We don’t like change, and we don’t like to see things die, so naturally it is hard to reconcile the idea that fires, devastating hurricanes, and other events are required for some organisms to survive.
The Northeast United States before humans is often imagined as a pristine old-growth forest, but this cannot be entirely true. There are many plants and animals that are native to the area that only grow in places that have recently been disturbed. For example, some trees require a lot of light, so they can’t establish themselves on the forest floor that is shaded by the adult trees. They must find their way to areas where the trees have fallen over, been removed, or burned.
New England cottontails require shrubs and young trees, which cannot grow in the shade of a mature forest. They also evolved here, so their preferred habitat must have been here for a long time.
Here’s another good reason that I got comfortable with disturbance:
There is a theory called the Intermediate Disturbance Hypothesis that suggests that a certain amount of disturbance maximizes species diversity. Without enough disturbance, a few species can out-compete the others because they are most adapted to the conditions- which never change. With too much disturbance, the reproductive success of all species is compromised. The amount of disturbance that is just right provides opportunities and niches for many species.
The way we manage the land can sometimes interfere with natural disturbances, fire suppression being the obvious example. We also mimic disturbances to bring about certain plant communities that we might want, for wildlife habitat or for other reasons. Additionally, we inadvertently cause disturbances as a result of economic activities like timber harvesting, agriculture, etc.
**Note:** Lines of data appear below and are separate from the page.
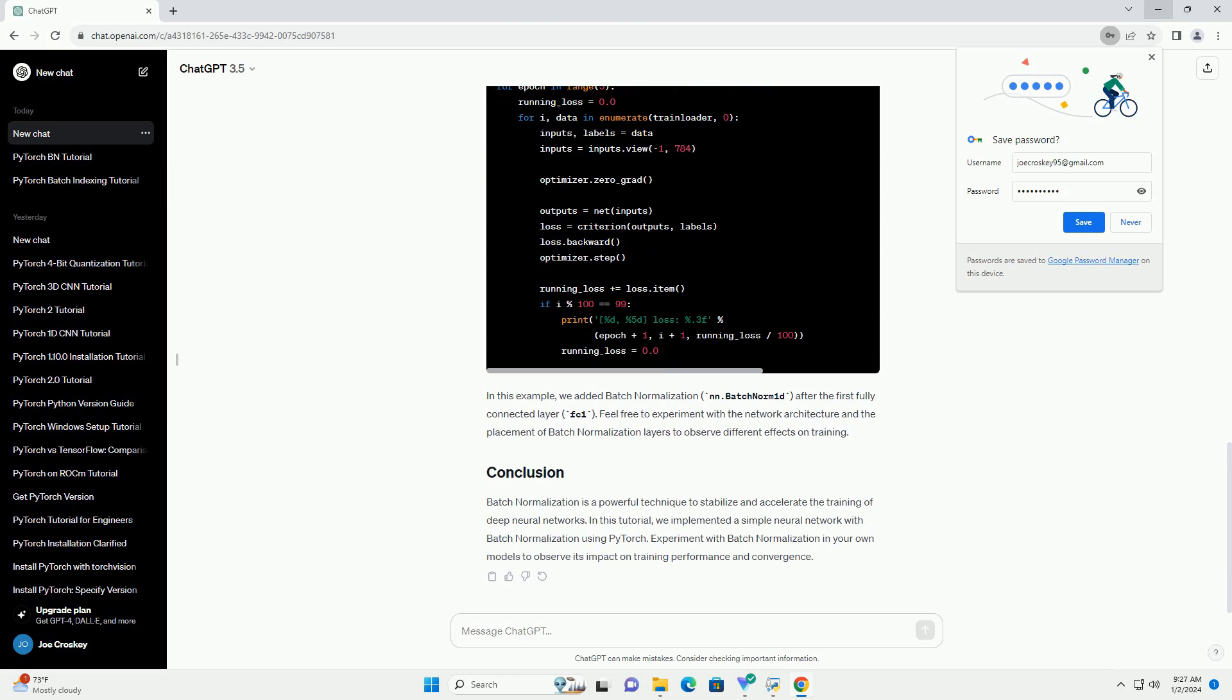Let's create a simple neural network with batch normalization using PyTorch. We'll use the MNIST dataset for demonstration.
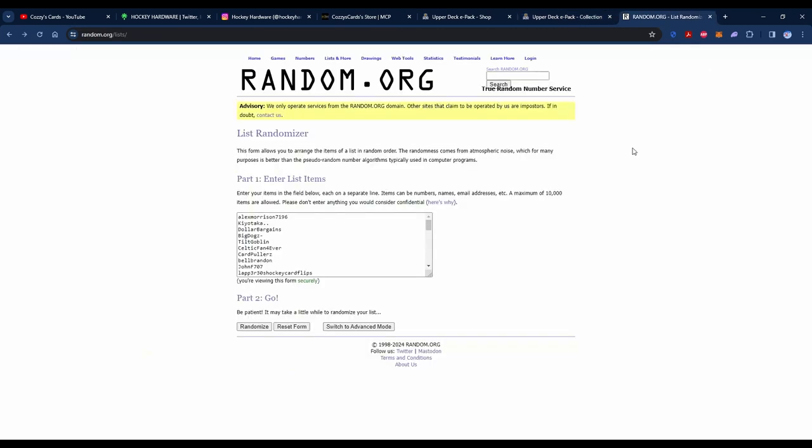Now for the moment that many of you have been waiting for. For every video dating back to the Toronto Fall Sports Card Expo with the Joseph Woll Auto, up until the video that came out right at the end of last year, if you've commented on any of those videos and you're a subscriber, I've gone through and I've pulled the list together here.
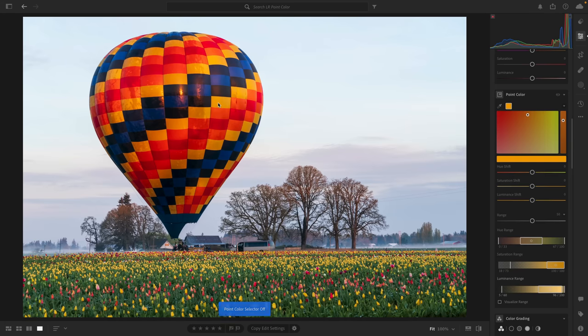My recommendation with using point color: first use the dropper to make your swatch selection, the general color you want to work on. Then before you start using the three sliders, check the box that says Visualize Range. This gives you a much easier way to see which colors in your image are going to be adjusted. Everything that will not be adjusted will be rendered in grayscale. You can see we have a little bit of color shading in the panels of the hot air balloon, and I really just want to focus on this particular yellow.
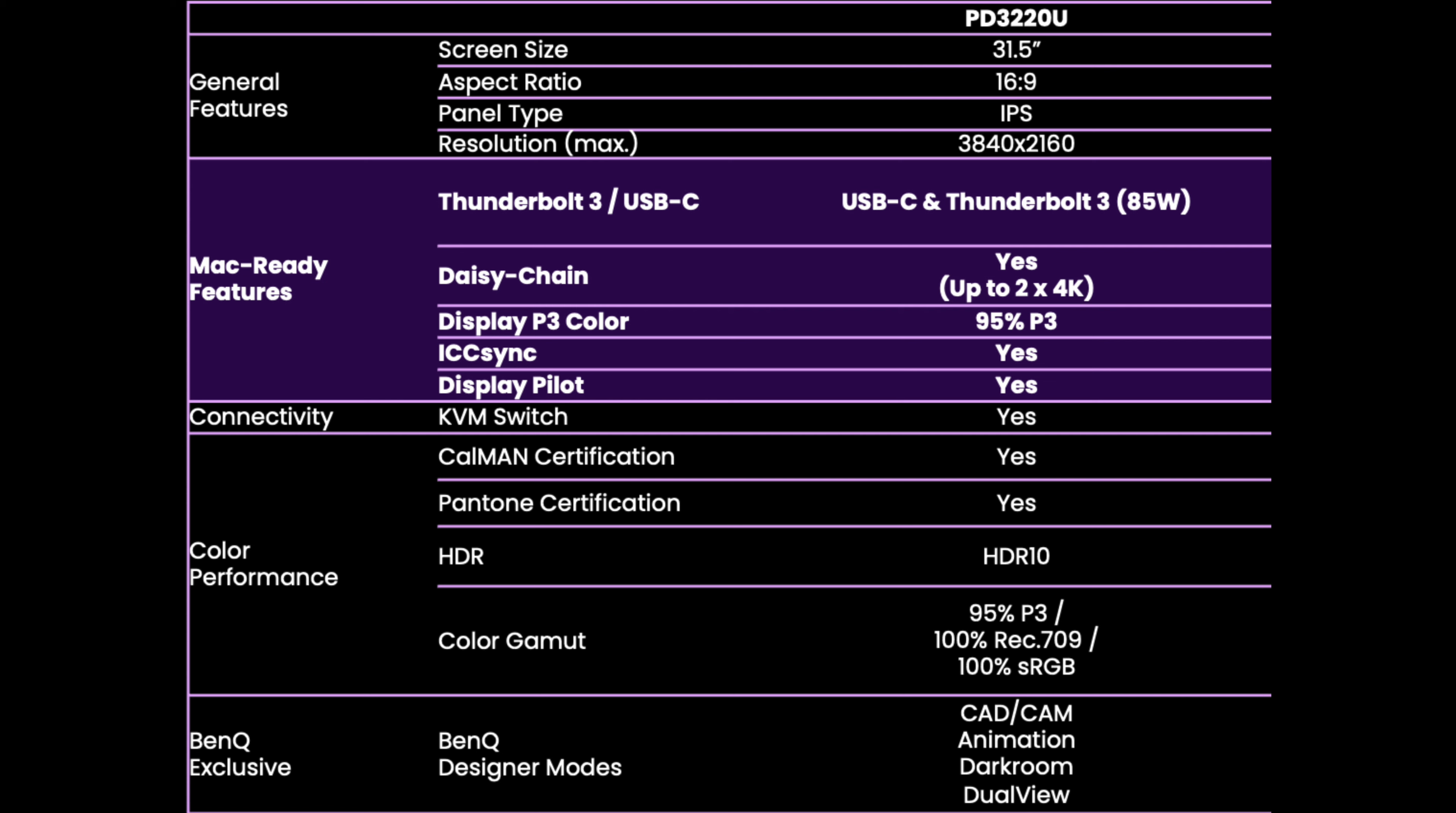This is a super accurate monitor with 95% of the P3 color gamut. It has ICC sync, display pilot, and KVM switch, as we mentioned earlier. The calibration is Kalman certified, and it also has Pantone certification as well. This is an HDR10 monitor. The color gamut that it delivers is 95% of the P3, 100% of Rec.709, and 100% of sRGB.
Different disturbances bring about different changes. For example:
A hurricane blows over many large trees but usually not all of them, and it leaves the dead trees on the ground. This provides debris for new plants to grow in as well as animals and fungi. Smaller trees that weren’t destroyed by the hurricane have a chance to replace the big trees that were damaged or blown over. Northern hardwood forests can deal with hurricanes.
Human activities, like timber removal operations, are different. Unlike a hurricane, the wood is removed. There have been several studies looking at the ways organisms react differently to natural vs. anthropogenic disturbances. Hocking et al found that patch cuts and clearcuts are associated with lower densities of salamanders than undisturbed forest and forests damaged by ice storms . Another study determined that some insect communities respond differently to fires and clearcuts, and some fauna that occupy forests post-fire are not found in forests post-clearcut .
So disturbances can be:
- Natural or anthropogenic
- An important vector for change, that sustains biodiversity
- A tool that we use to create certain communities of organisms (e.g. create wildlife habitat)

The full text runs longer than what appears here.